Pain erupted inside Josef, a jagged explosion of glass and fire that forced all the air from his lungs. His eyes flew wide and he crumpled to the floor, gasping for breath but getting none. He lay on his side and saw a thimble lying deep under one of the workbenches, worn and familiar and bent to the shape of his finger over long years of work, the same thimble he’d had back in the camp, back in that cellar. He had lost it a month or so ago and looked for it everywhere. And there it was. And here was he. The pain was consuming him now. Swallowing him whole. Pulling him down. His killer dropped to the floor, cutting off his view of the lost thimble, and Josef felt a pressure on his neck and smelled rubber and disinfectant as fingers checked for a pulse. Josef’s view shifted as he was rolled on to his back and he heard a thud and felt a fist hammer down on the centre of his chest, heard a rib crack but didn’t feel anything because the pain inside him was already too great.

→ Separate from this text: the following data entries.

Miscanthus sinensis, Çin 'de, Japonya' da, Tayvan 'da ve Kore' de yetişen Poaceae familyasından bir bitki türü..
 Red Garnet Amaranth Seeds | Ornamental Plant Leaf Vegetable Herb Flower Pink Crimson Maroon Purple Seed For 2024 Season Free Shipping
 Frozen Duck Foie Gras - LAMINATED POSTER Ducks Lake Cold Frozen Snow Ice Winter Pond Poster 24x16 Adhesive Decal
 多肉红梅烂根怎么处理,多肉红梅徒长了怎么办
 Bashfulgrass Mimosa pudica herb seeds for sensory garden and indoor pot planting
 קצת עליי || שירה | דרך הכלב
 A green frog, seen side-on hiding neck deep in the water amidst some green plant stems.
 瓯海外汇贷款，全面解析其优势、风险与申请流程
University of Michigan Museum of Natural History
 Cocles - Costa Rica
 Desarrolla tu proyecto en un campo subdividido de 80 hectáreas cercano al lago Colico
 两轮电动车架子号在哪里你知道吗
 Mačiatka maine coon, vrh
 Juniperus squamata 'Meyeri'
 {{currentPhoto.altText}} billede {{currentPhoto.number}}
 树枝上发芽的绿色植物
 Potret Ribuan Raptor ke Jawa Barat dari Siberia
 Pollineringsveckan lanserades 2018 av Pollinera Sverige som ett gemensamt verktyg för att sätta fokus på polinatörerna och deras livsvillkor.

Josef looked beyond the silhouette of the man and up to the sky where thin white clouds slid across the deepening blue sky. He had worked in this room for over forty years but this was the first time he could remember looking up. He had never looked at the sky in the camp either, had always found it too painful to gaze up at such simple, bound-less beauty when all around him was ugliness and horror.

The man continued to pound on his chest but Josef knew it was pointless. There was no saving him now. The man in the white suit was not coming. He would not cheat Death a second time. He took a last, deep, jagged breath. Stared up at the indigo sky. And closed his eyes.